Berührungspunkte mit dem politischen Bereich gibt es mindestens in zwei Richtungen.

Der fast überall feststellbare besondere Bestellungsmodus für Verfassungsrichter bedingt (zwar nicht notwendigerweise, aber erfahrungsgemäß) ein mehr oder weniger großes Nahverhältnis der Richter zum Bereich der Politik. Dagegen ist nichts einzuwenden, soweit es um die Frage des Vertrauens in eine bestimmte Person geht. Es besteht aber ein großer Unterschied zwischen persönlichen Beziehungen schlechthin und dem Ausnützen dieser Beziehungen für Zwecke der Intervention oder gar des Druckes. Politisch Mächtige haben eine gewisse Tendenz, Abhängigkeiten herzustellen und auf dieser Grundlage an die Emotionen der Betroffenen zu appellieren. Dieser Tendenz muß eine klare Haltung des Verfassungsrichters im Sinne eines "bis hierher und nicht weiter" entgegenstehen. Vor die Alternative gestellt, ob sich der Verfassungsrichter seinem Gewissen entsprechend verhalten oder ob er sich gegenüber den Mächtigen gefällig zeigen soll, gibt es nur eine richtige Lösung.

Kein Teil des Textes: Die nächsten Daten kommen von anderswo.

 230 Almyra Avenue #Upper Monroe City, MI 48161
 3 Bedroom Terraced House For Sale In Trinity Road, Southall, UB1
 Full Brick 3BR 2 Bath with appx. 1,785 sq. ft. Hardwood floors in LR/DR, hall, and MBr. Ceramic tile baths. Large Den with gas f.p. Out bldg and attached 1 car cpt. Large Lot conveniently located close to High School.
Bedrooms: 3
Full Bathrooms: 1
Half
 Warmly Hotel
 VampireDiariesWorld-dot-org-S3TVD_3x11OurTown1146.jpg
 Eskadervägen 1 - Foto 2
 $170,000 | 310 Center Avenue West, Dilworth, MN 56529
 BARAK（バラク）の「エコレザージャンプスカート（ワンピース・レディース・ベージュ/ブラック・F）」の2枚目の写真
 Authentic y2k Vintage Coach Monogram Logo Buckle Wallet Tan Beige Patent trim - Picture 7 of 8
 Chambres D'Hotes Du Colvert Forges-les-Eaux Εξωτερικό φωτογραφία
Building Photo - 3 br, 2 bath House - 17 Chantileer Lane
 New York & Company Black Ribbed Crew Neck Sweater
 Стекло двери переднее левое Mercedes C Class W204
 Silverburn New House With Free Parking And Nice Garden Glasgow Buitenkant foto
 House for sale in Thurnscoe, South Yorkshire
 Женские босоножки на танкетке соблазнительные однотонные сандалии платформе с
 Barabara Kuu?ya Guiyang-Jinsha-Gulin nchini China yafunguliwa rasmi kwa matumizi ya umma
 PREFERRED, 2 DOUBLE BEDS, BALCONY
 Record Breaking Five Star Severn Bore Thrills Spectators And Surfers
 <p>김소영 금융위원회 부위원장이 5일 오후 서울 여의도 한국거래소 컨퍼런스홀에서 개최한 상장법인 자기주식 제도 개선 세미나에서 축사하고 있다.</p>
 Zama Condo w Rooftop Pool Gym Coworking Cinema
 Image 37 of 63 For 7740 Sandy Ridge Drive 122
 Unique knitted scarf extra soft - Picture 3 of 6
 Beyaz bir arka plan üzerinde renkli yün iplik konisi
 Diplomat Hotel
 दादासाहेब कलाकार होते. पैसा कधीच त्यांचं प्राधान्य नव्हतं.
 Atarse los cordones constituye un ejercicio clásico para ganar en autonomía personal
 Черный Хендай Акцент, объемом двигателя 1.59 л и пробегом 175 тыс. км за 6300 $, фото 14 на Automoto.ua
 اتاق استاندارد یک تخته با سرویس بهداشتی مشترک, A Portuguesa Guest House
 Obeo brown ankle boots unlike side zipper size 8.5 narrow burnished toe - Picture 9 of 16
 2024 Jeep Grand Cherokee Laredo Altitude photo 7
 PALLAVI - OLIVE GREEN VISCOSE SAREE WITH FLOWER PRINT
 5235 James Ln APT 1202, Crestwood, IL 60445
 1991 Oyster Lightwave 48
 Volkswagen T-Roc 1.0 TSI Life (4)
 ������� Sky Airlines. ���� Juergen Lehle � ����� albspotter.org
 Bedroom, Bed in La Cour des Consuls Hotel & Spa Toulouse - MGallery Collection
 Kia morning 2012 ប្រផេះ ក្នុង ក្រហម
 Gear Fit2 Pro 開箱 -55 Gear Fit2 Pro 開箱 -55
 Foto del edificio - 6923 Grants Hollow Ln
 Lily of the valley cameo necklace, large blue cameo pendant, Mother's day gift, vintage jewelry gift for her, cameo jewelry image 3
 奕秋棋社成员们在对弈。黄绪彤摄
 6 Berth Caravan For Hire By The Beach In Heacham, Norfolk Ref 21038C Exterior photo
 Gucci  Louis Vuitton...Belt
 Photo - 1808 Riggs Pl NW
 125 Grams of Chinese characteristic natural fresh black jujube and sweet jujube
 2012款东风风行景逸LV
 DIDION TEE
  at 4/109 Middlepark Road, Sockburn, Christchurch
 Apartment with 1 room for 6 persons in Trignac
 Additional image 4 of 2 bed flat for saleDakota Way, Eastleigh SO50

Dabei ist noch festzuhalten, daß der Unmut der Mächtigen sich keineswegs in offenen Drohungen ausdrücken muß; es genügt unter Umständen eine deutlich zur Schau getragene Mißbilligung im gesellschaftlichen Bereich. Das muß ein Verfassungsrichter aushalten können.

Die Kompetenzen der Verfassungsgerichte bedingen fast notwendigerweise einen Eingriff in den politischen Bereich. Das gilt insbesondere für den Bereich der Gesetzesprüfung. So betrachtet macht es wenig Sinn, von "political questions" zu sprechen, weil jede Gesetzesprüfung (aber auch noch andere Akte eines Verfassungsgerichts) schon vom Verfahrenstyp her in die Politik hineinreicht. Gemeint ist freilich mit dem Begriff "political question" etwas anderes. Es geht im wesentlichen darum, ob das Verfassungsgericht auch dort eingreifen soll, wo es mehrere denkbare Lösungen gibt. Hans KELSEN hat diese Frage ganz eindeutig verneint. Sein Standpunkt läßt sich im wesentlichen dahin zusammenfassen, daß vor allem im Bereich allgemein gefaßter Wertungen nur der Gesetzgeber zur Entscheidung berufen ist. Wörtlich sagt er in seinem berühmten Vortrag über Wesen und Entwicklung der Staatsgerichtsbarkeit vor der Vereinigung der deutschen Staatsrechtslehrer (Prag 1928):

"...., so bedeutet die Delegation von Gerechtigkeit, Freiheit, Gleichheit, Billigkeit, Sittlichkeit usw. mangels einer näheren Bestimmung dieser Werte auch nichts anderes, als daß der Gesetzgeber wie der Gesetzvollzieher ermächtigt werden, den ihnen durch Verfassung und Gesetz gelassenen Spielraum nach freiem Ermessen zu erfüllen."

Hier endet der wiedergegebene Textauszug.